После этого Танабай ехал задумчивый. Он отпускал поводья, и иноходец шел так, как ему хотелось. Вольно, дорожным тротом. Хозяина словно и не было в седле. Словно и он, и конь были каждый сам по себе. И песня появлялась сама по себе. Негромко, без ясных слов, под мерный топот иноходца напевал Танабай про страдания давно ушедших людей. А конь выбирал знакомую тропку и нес его в степь за реку, к табунам…
Гульсары любил, когда у хозяина было такое настроение, любил он по-своему и эту женщину. Он знал ее фигуру, походку, улавливал даже своим тонким нюхом какой-то странный, диковинный запах незнакомой травы, исходящий от нее. То была гвоздика. Она носила бусы из гвоздики.
– Ты заметь, как он тебя любит, Бюбюжан, – говорил ей Танабай. – А ну погладь, погладь еще. Ишь как уши развесил. Прямо теленок. А в табунах сейчас жизни нет от него. Дай только волю. Грызется с жеребцами, как собака. Вот и держу его под седлом, боюсь, как бы не покалечили. Зелен еще.
– Он-то любит, – думая о чем-то своем, отвечала она.
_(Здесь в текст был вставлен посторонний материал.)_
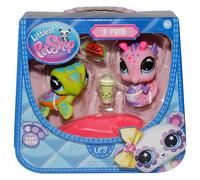Littlest Pet Shop Serie 4 Beach Bites Coppia Di Animali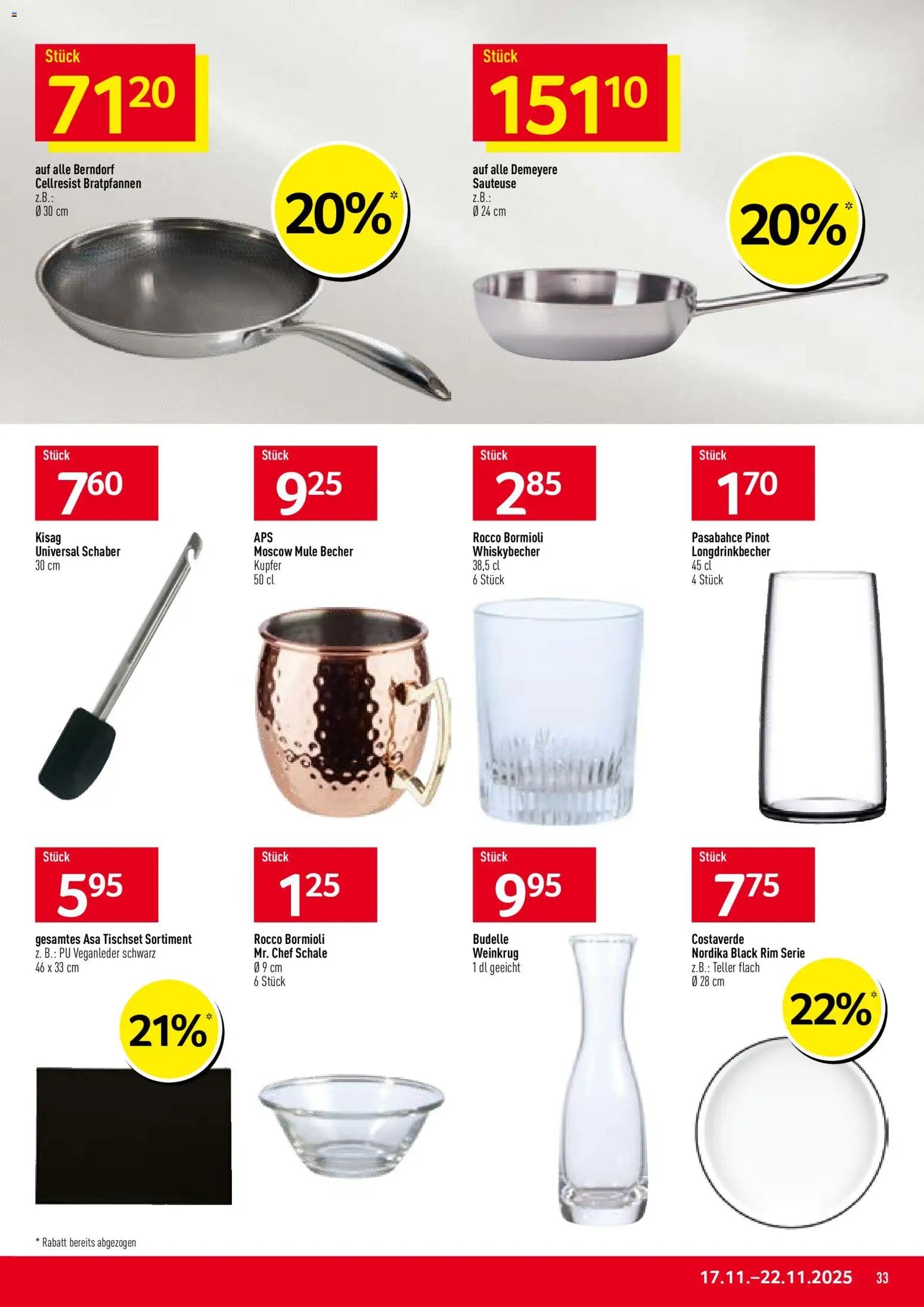 Prodega Aktionen (2025-11-17 - 2025-11-22) | 33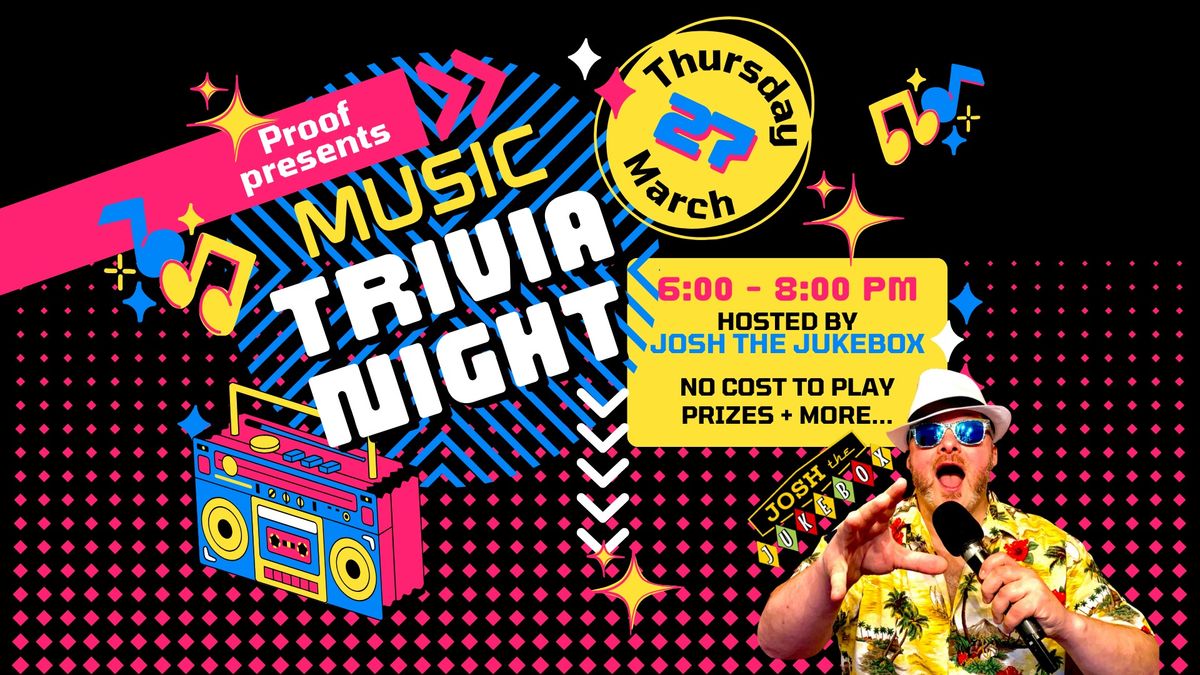 Music Trivia with Josh the Jukebox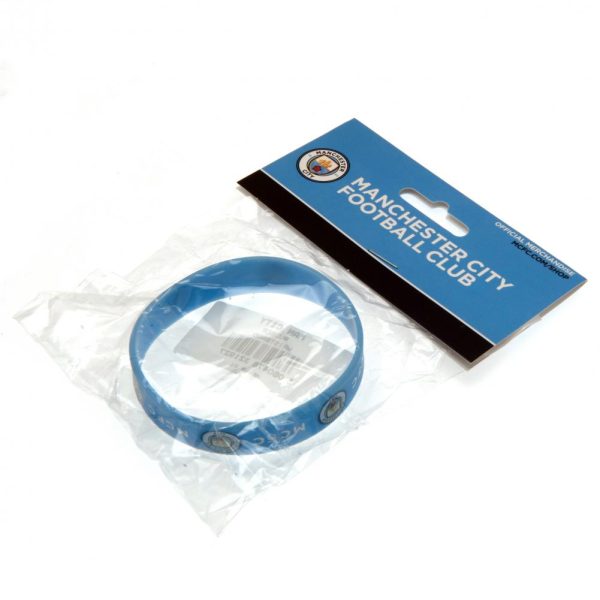 Manchester City FC Silicone Wristband - Image 8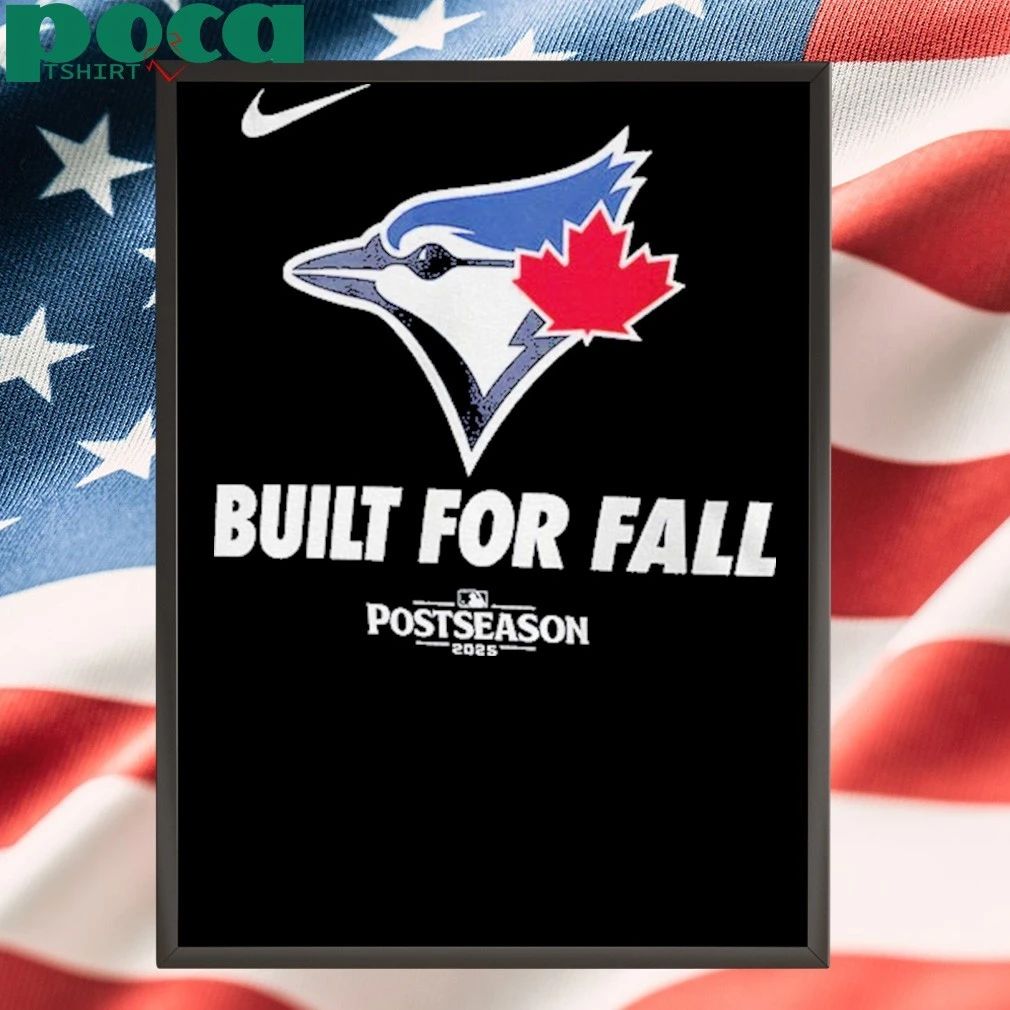 Toronto Blue Jays October Baseball 2025 MLB Postseason T-Shirt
– Хочешь сказать, что другие не любят?
– Я не о том. Мы свое отлюбили. Жаль мне тебя будет.
– Это почему же?
– Не такой ты человек, тяжело потом тебе будет.
– А тебе?
– Что мне? Я вдова, солдатка. А ты…
– А я член ревизионной комиссии. Вот встретил тебя и выясняю кое-какие факты, – пытался шутить Танабай.
– Что-то ты часто стал выяснять факты. Смотри.
– Ну, а я при чем? Я иду, и ты идешь.